Driessen clearly and skillfully shows how many false green claims even become government policy in the first world, resulting in the death of people in the developing world. In essence, the message of Eco-Imperialism: Green Power · Black Death is: It is time that businesses stopped being so afraid of the extreme greens that they fall all over themselves to be greener-than-thou, and beg forgiveness for doing business.

Business must be socially responsible, and under no circumstances should it have a don’t-care attitude about the environment. But it should not spread extreme green paranoia amongst the public, either. Driessen roundly tells the first world governments and company boardrooms not to sacrifice black lives in the interests of promoting a politically correct green image.

– Green & Gold Forum, Pretoria, South Africa

“The world’s poor billions used to suffer from imperialists who ‘exploited’ labour and natural resources in colonies.
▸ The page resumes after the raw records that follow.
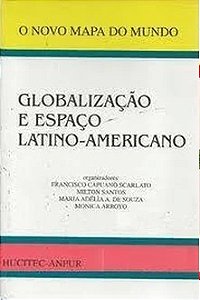 Globalização e Espaço Latino-americano - Francisco Capuano Scarlato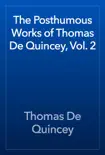 The Posthumous Works of Thomas De Quincey, Vol. 2 synopsis, comments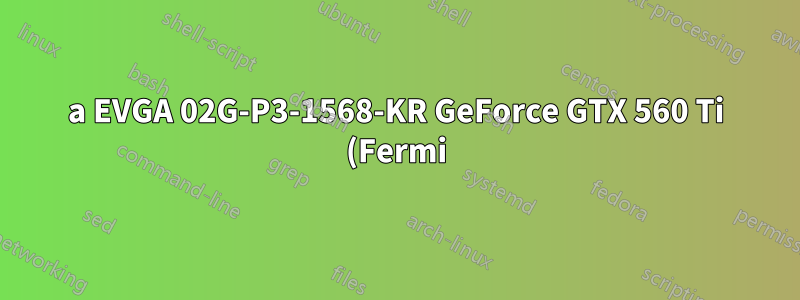 a EVGA 02G-P3-1568-KR GeForce GTX 560 Ti (Fermi) suporta 3 monitores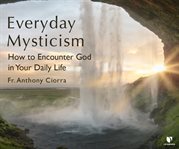 Everyday mysticism. Finding the Divine in Daily Life cover image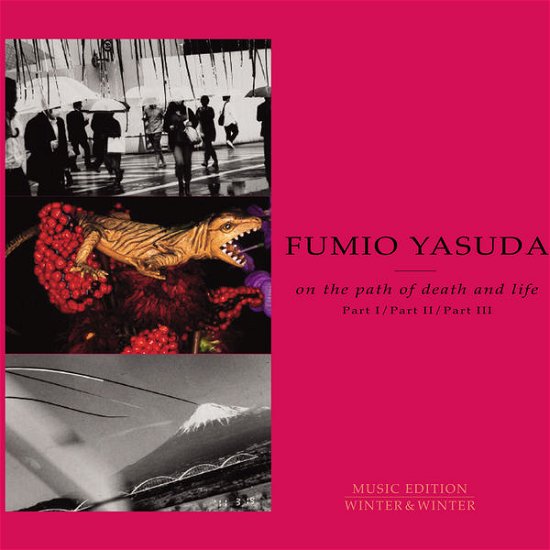 Cover for Yasuda / Winter / Araki · On The Path Of Death &amp; Life (CD) (2013)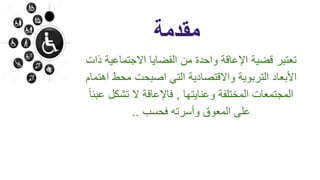 ‫مقدمة‬
‫االجتماعي‬ ‫القضايا‬ ‫من‬ ‫واحدة‬ ‫اإلعاقة‬ ‫قضية‬ ‫تعتبر‬‫ذات‬ ‫ة‬
‫محط‬ ‫اصبحت‬ ‫التي‬ ‫واالقتصادية‬ ‫التربوية‬ ‫األبعاد‬‫اهتمام‬
‫وعنايتها‬ ‫المختلفة‬ ‫المجتمعات‬,‫تشكل‬ ‫ال‬ ‫فاإلعاقة‬ً‫ا‬‫عبئ‬
‫فحسب‬ ‫وأسرته‬ ‫المعوق‬ ‫على‬..
 
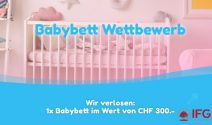 Ein Babybett im Wert von CHF 300.- gewinnen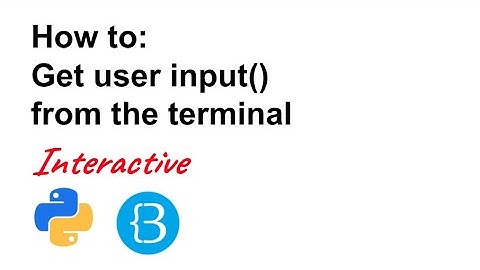 05 How to get user input - Python Tutorial for Beginners (Interactive and Auto-graded)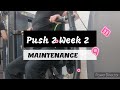 DVTV: Maintain Push 2 Wk 2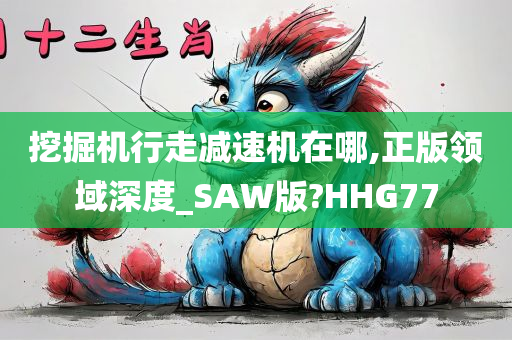 挖掘机行走减速机在哪,正版领域深度_SAW版?HHG77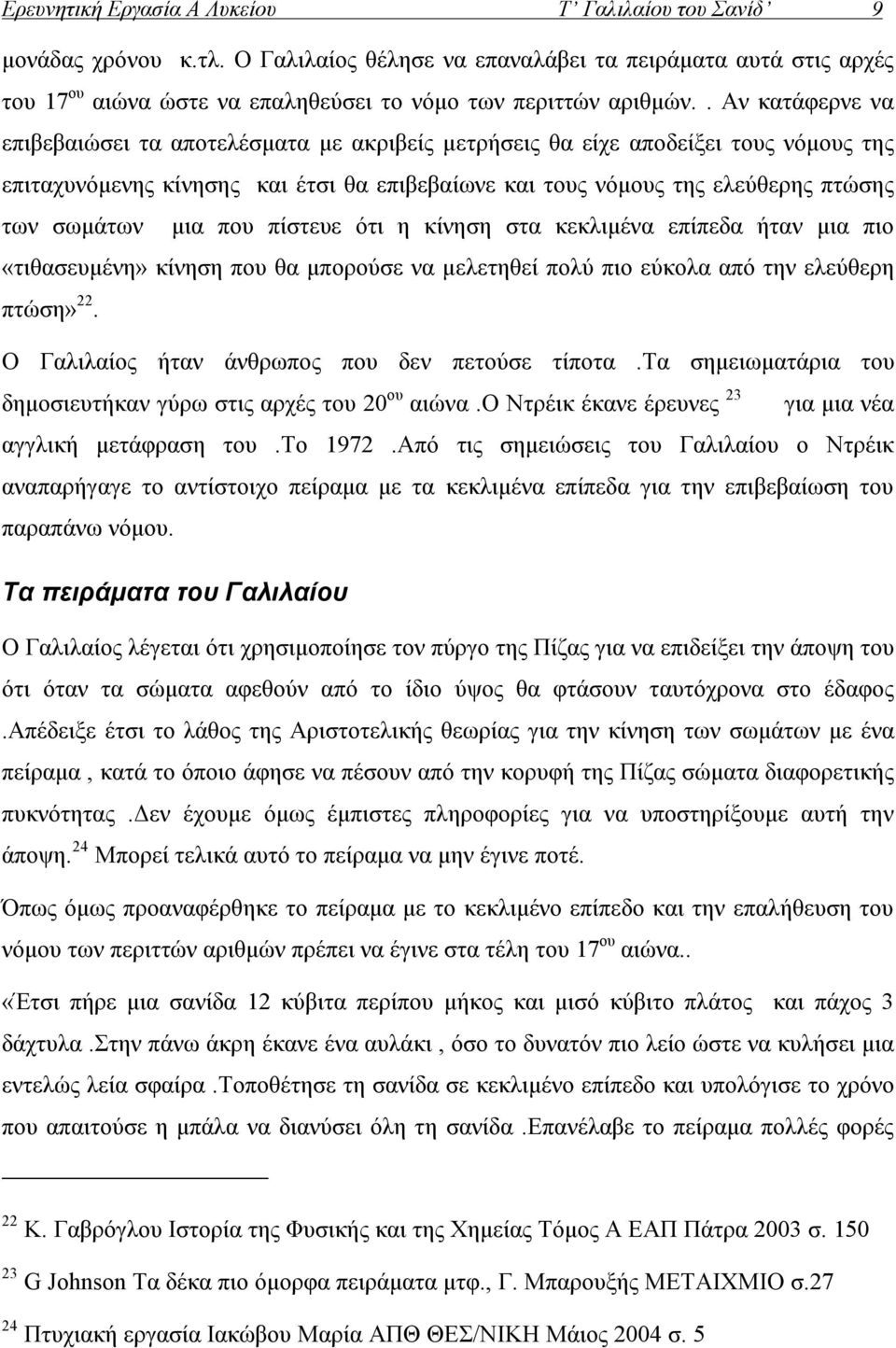 . Αν κατάφερνε να επιβεβαιώσει τα αποτελέσματα με ακριβείς μετρήσεις θα είχε αποδείξει τους νόμους της επιταχυνόμενης κίνησης και έτσι θα επιβεβαίωνε και τους νόμους της ελεύθερης πτώσης των σωμάτων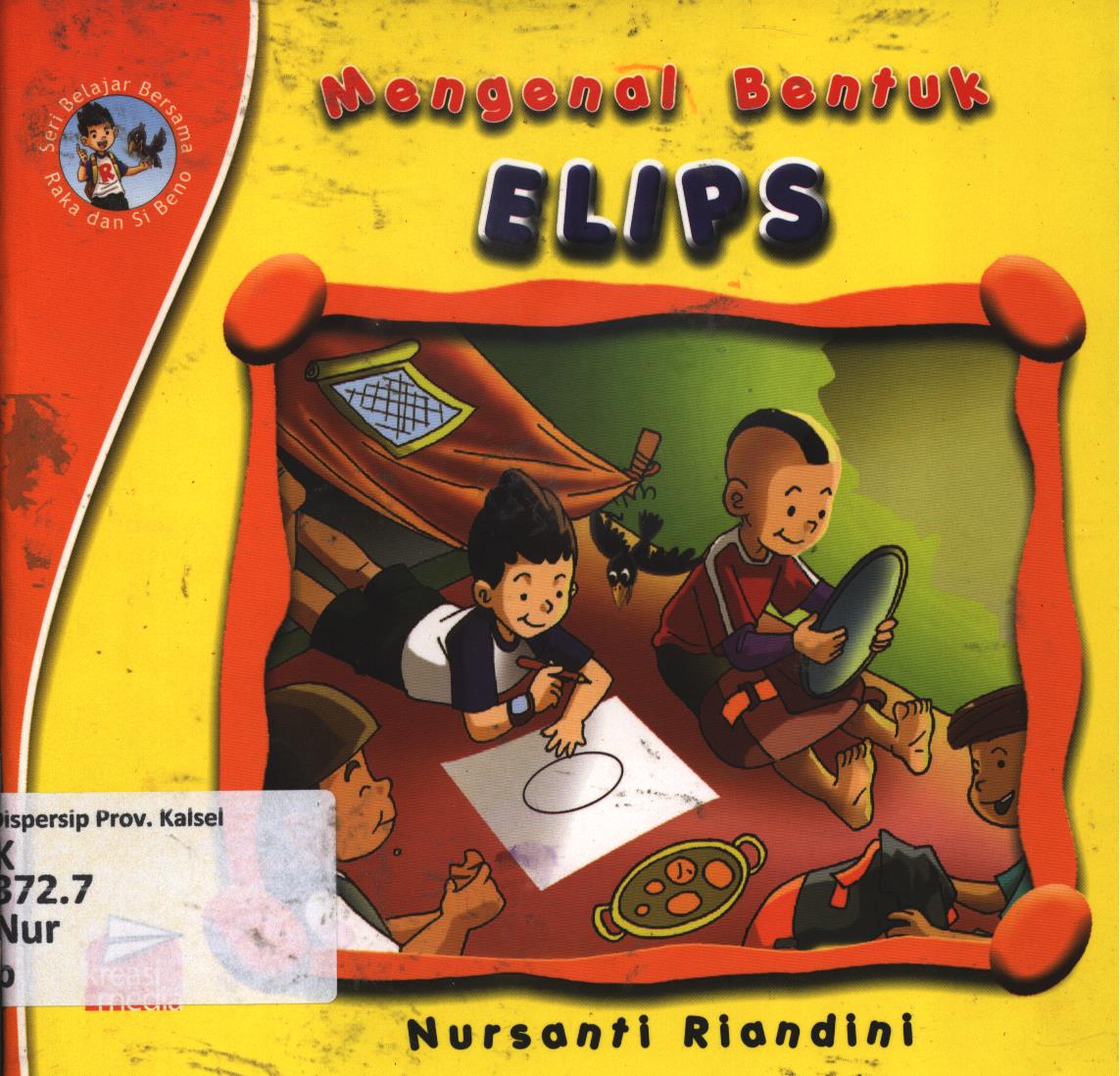 Cover Belajar bersama Raka dan Si Beno :  Mengenal bentuk elips / Nursanti Riandini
But they did so by investing in factories and mines, and providing technology and skills. Thus, enriching themselves at least meant that conditions improved in the colonies. Modern imperialists, appropriately called ‘eco-imperialists’ in this seminal book, are much worse. They no longer exploit colonies directly. Instead they ensure that ‘developing countries’ don’t develop. What started in the post-colonial world as the unsustainable ‘limits to growth’ movement has become a quagmire of sustainable nonsense in defence of elaborate stratagems to curtail prosperity in poor countries on the pretext that sustained development is not ‘sustainable.’

“This is one of the few Western books to expose eco-imperialism for what it is. It addresses health, economic and environmental issues from a refreshing developing country perspective. It takes on the anti-prosperity eco-establishment, the EU and other forces that impose their will, standards and distorted ethical principles on the world’s poor.

“Telling destitute people in my country, South Africa, and in countries with even greater destitution, that they must never aspire to living standards much better than they have now – because it wouldn’t be ‘sustainable’ – is just one example of the hypocrisy we have had thrust in our faces, in an era when we can and should grow fast enough to become fully developed in a single generation. We’re fed up with it, and gladdened that Driessen and others are taking up our cause. This book could mark a watershed event in environmental politics, and should be read (and absorbed) by all decent people who truly want to be ‘socially responsible.’”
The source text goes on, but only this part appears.